The first issue relates to China’s financial capabilities. China cannot finance BRI alone considering its domestic financial situation (total non-financial sector debt estimated at 253% GDP, BIS estimate) and the amounts at stake. In fact,  using the Global Infrastructure Hub forecasting tool from the World Bank, we estimate that the capital needed to fund infrastructure in Asia (excluding China), Europe and Africa combined would amount to USD1.7tn per yearuntil 2040. In that context, partnership with countries willing to finance the project and private capital will probably be needed. The Chinese government already made some moves to lure investors.
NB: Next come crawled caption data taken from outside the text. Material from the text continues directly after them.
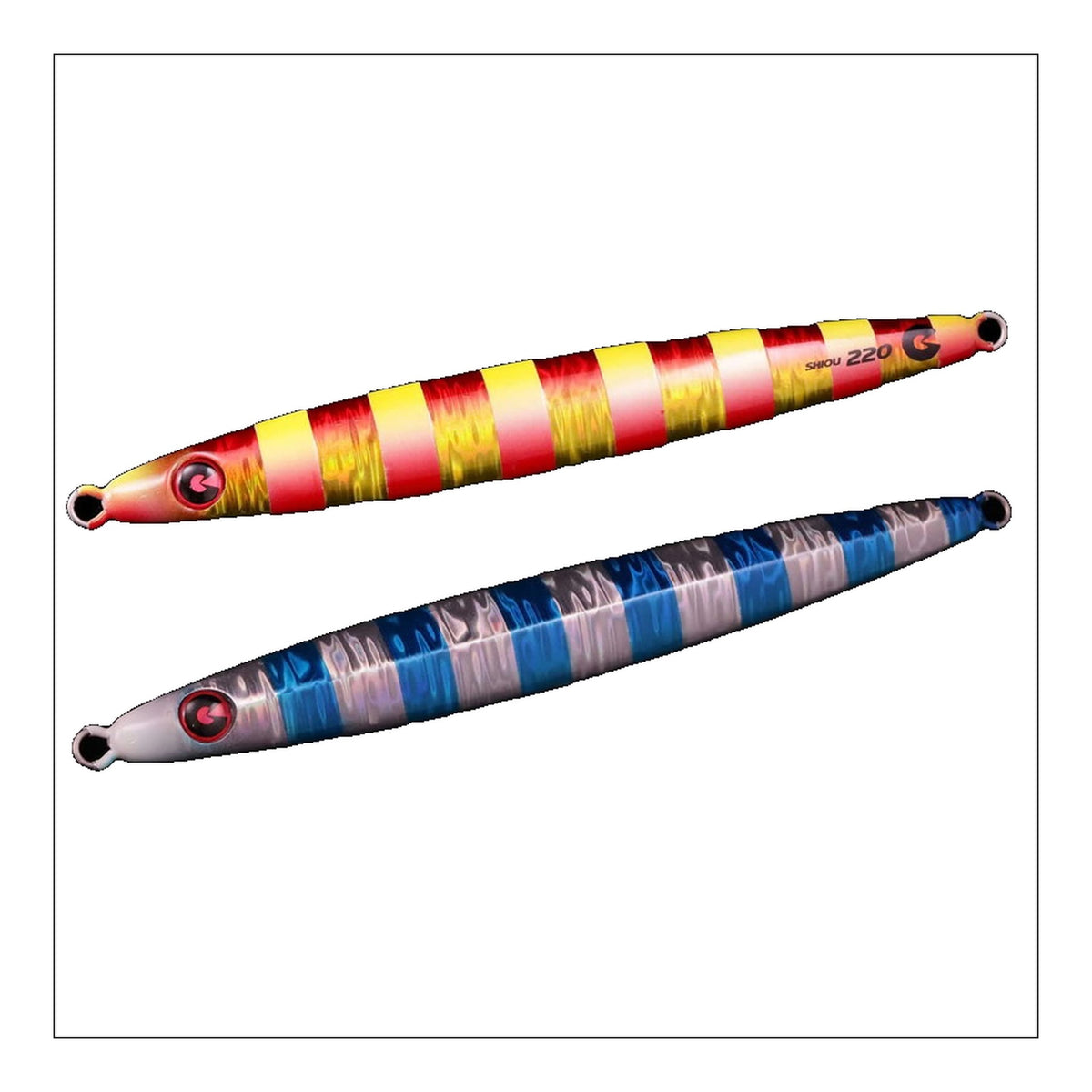 Jigrip Shiou 180g - #015 Red-Gold Zebra Blue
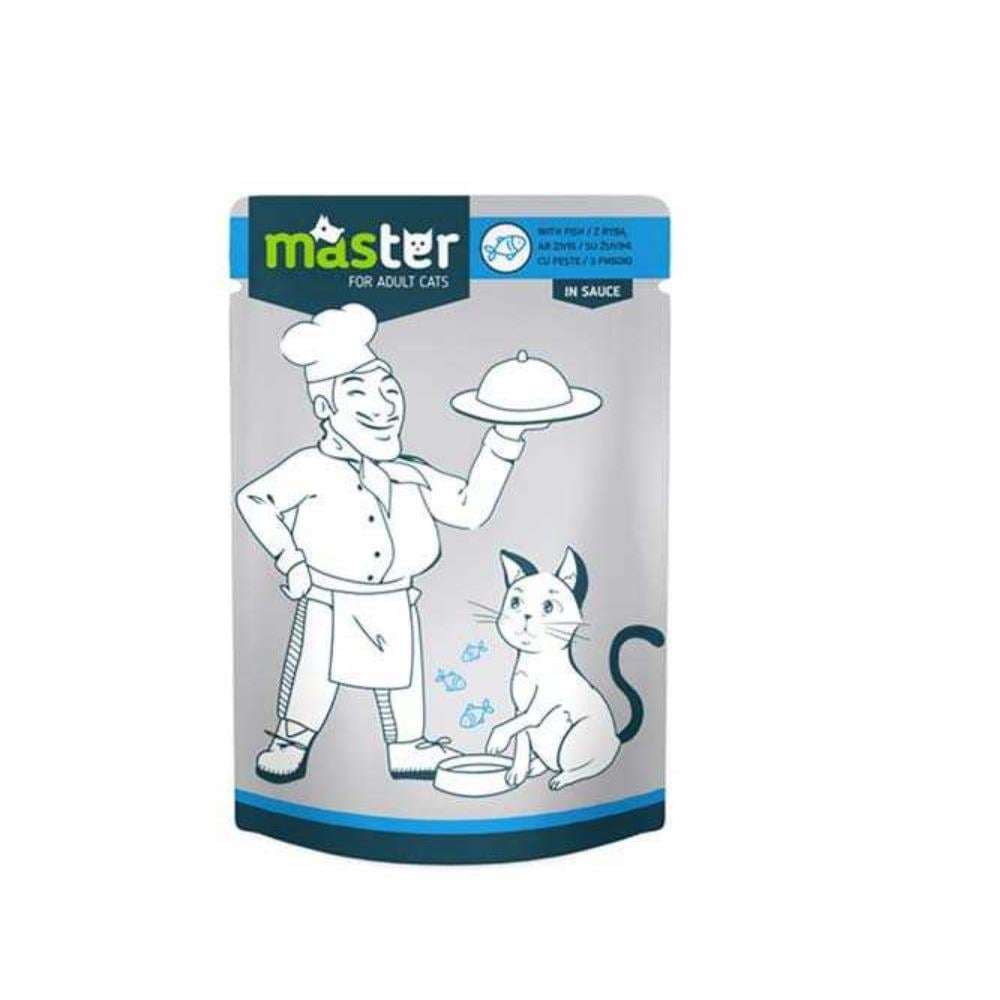 Master Balık Etli Yetişkin Yaş Kedi Maması 80 grMaster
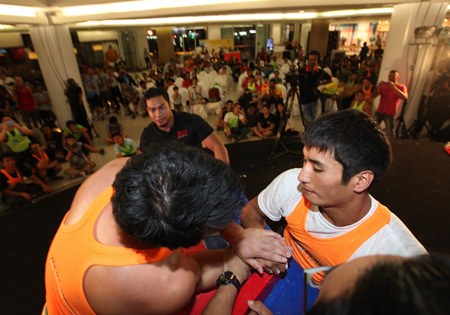Ongarbayev Kypyrgali beats Roman Abramov from Russia for the over 85 kg. trophy.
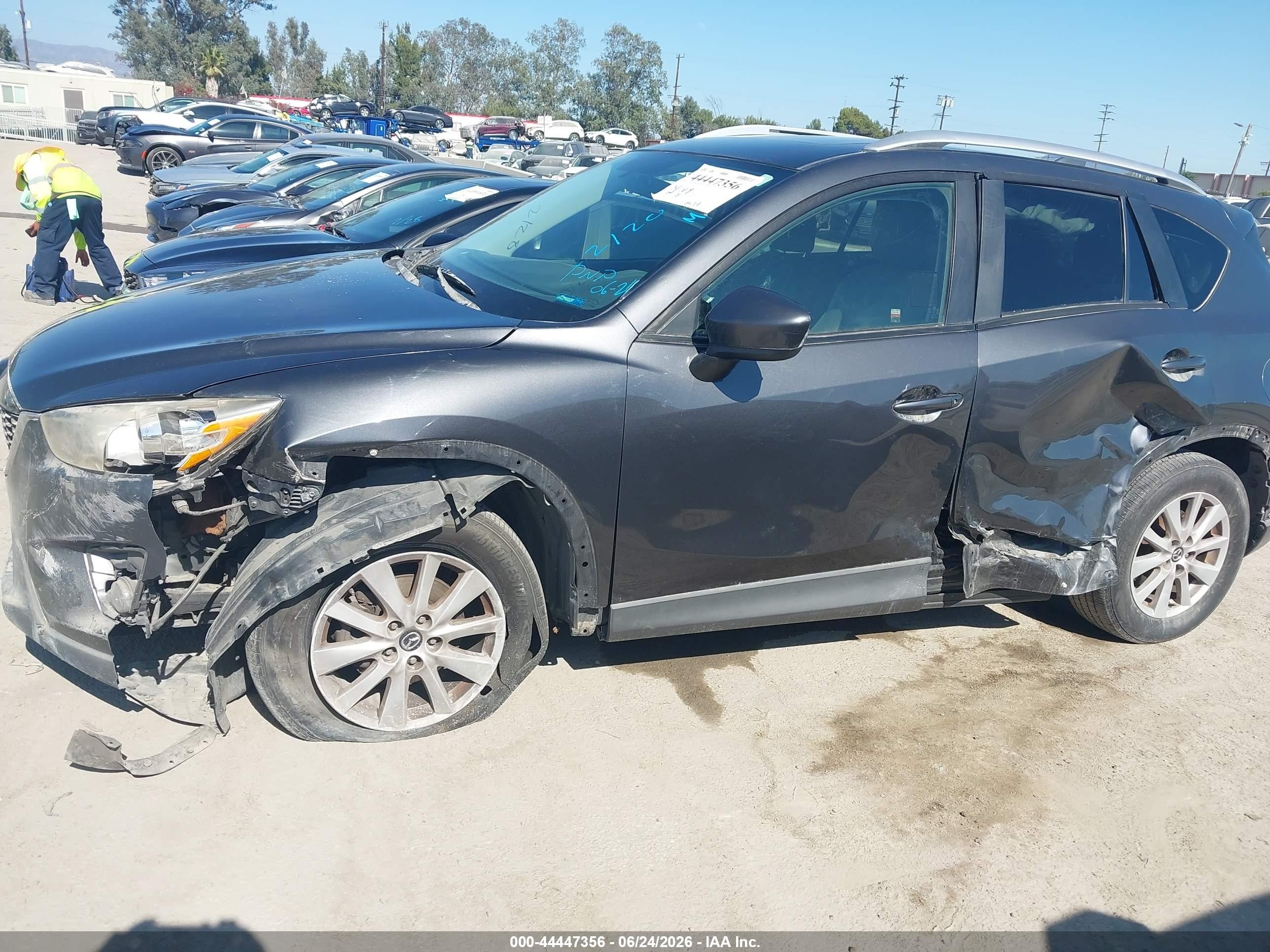 2014 Mazda Cx-5 Touring Gray vin: JM3KE2CY5E0332991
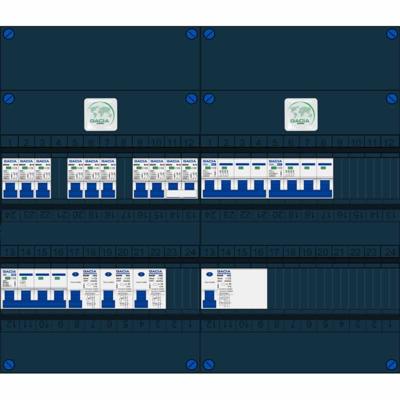 Licht krachtgroepenkast 8 lichtgroepen 2 krachtgroepen 16A 3p+N 40A 4 polig kookgroep HS 4P 40A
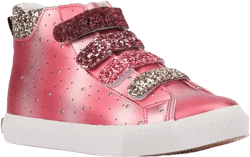 Girls Rain Bow High Top Sneaker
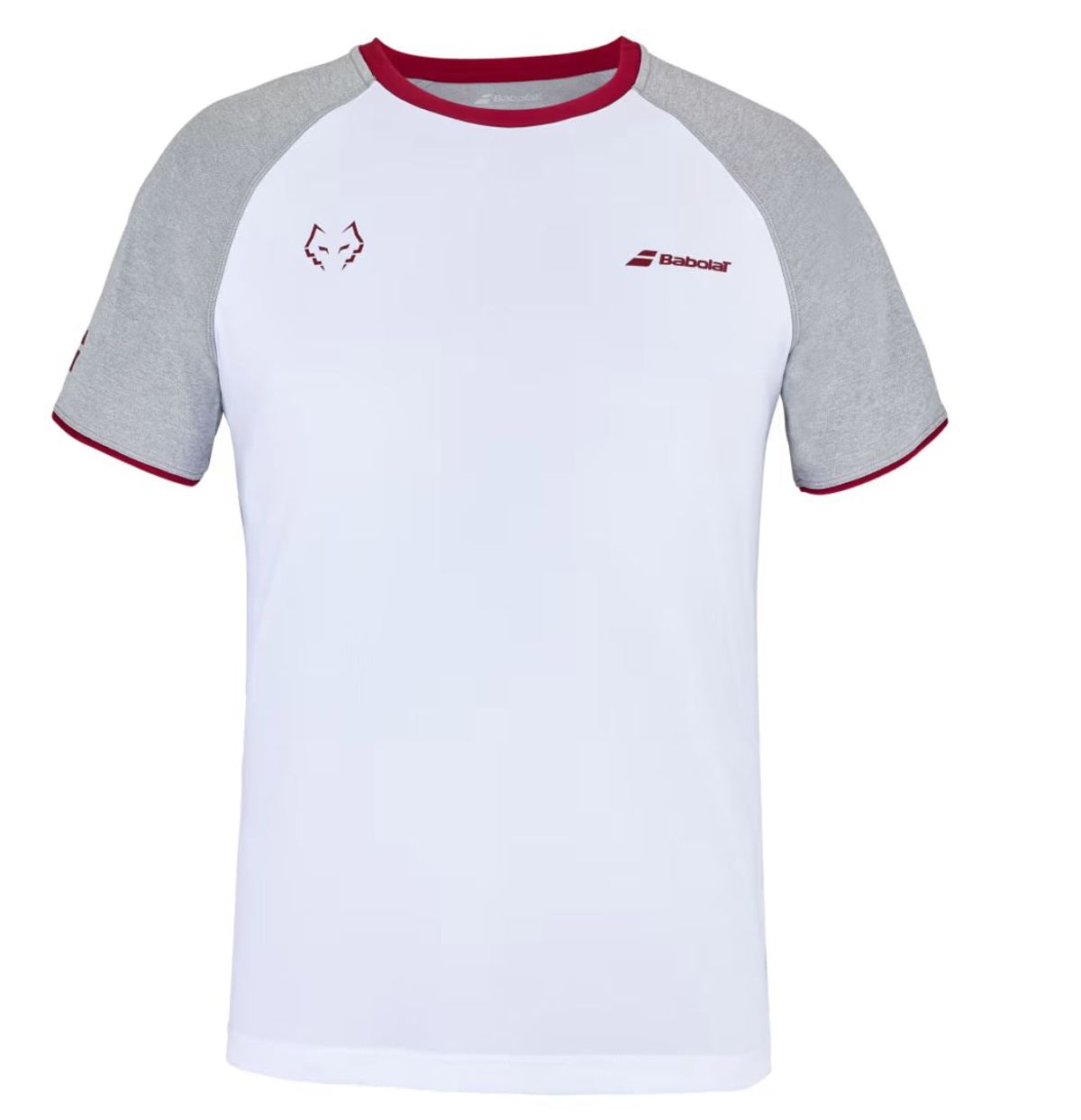 Babolat Crew Neck Tee Juan Lebron (White/White) - L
In 2018, China’s regulators started to allow the issuance of “Belt and Road” bonds in Chinese stock exchanges in order to fund the initiative: the financial instrument is denominated in RMB and local currencies; foreign companies and government agencies of Belt and Road countries can participate. The second issue relates to the financial viability of BRI projects as more BRI-related borrowings could increase the financial vulnerability of already fragile (with heavy public debt) states. Markets such as Pakistan and Sri Lanka are already heavily indebted and being involved in the BRI strains their public finances. Sri Lanka, especially, had to hand over its strategic port of Hambantota to China as it was struggling to pay its debt to Chinese companies.

Challenge #2: Legal and Regulatory Risks

It is worth noting that there is no commonly shared legal regime among BRI countries. Some countries abide by common law (Singapore, Malaysia, Hong Kong), other by continental law (Central Asia) or Islamic law (Middle East). Consequently, businesses have often failed to comply with local regulatory frameworks. To address the legal disputes, China has decided to establish international courts in Beijing, Xi’an, and Shenzhen to tackle issues arising from BRI. While this solution might work for Chinese corporates, it might not fit the interest of corporates in the EU for example.

Challenge #3: Political Risks

First, the BRI spans an area with territories in conflict. This includes hard conflict (e.g. Afghanistan) but also strong political tensions (Saudi-Iran, India-Pakistan). Second, the BRI is unfolding against a backdrop of political tensions of China itself with countries targeted by BRI investments. For example, it wrestles with India on border issues while it faces backlashes in ASEAN countries. Last, China encounters competition with large economic powers such as the US and the EU. It contends with the US in fields ranging from political and economic leadership to military influences especially in Asia. BRI also overlaps with the EU’s Junker plan, rivaling for influence in Emerging Europe.